There are about 800,000 people in the state of Wisconsin who have some college credits under their belt, but don’t have a degree. Walker himself dropped out of Marquette before graduating and has even suggested that he may take advantage of the Flexible Option. While this development is likely to have a positive effect on the employability of Wisconsin’s residents, it also signifies a kind of tipping point for competency-based education. The new program at Wisconsin means CBE is going “mainstream,” as the Chronicle of Higher Education put it. Indeed, in higher education, you need some big name university to take the plunge and then others will follow. Whether it’s the development of massive online courses at Stanford or Harvard’s ending early admission, once a prestigious school takes a leap, others just follow the herd.
Not surprisingly, faculty at Wisconsin are not happy. If you don’t need a certain number of hours in a classroom in order to master the material, then professors’ jobs become much less secure. Faculty at the Green Bay campus have “doubts that the Flexible degree program will meet the academic standards of a university education.”

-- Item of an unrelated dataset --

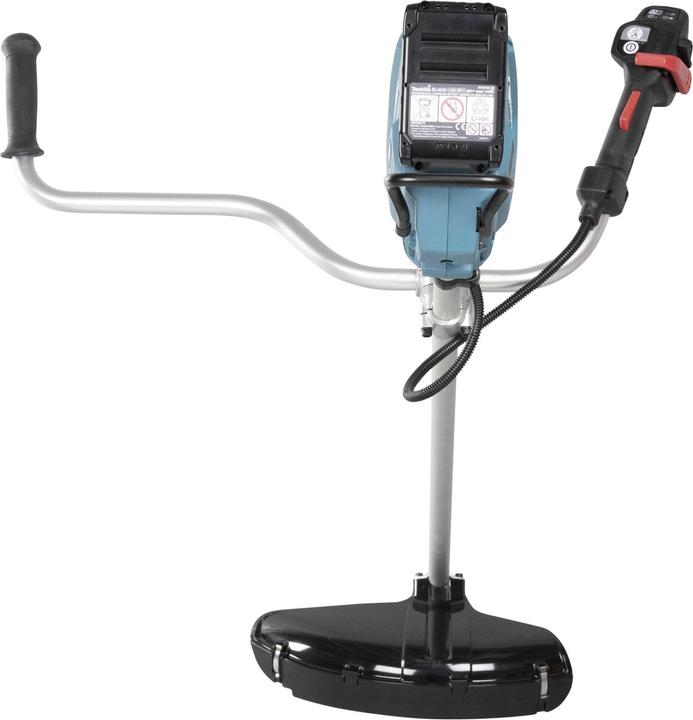 Produktbild Makita UR013GZ04 (Trimmfaden)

Of course, university faculties have no one to blame but themselves for the growing demand for these developments. It was once said that the goal of a college education was to teach students how to make a living as well as “how to live” by exposing them to the great ideas of civilization. By watering down the liberal arts curriculum and then engaging in outrageous grade inflation, colleges have essentially removed themselves both from the business of career preparation as well as giving students any guidance on living a good life.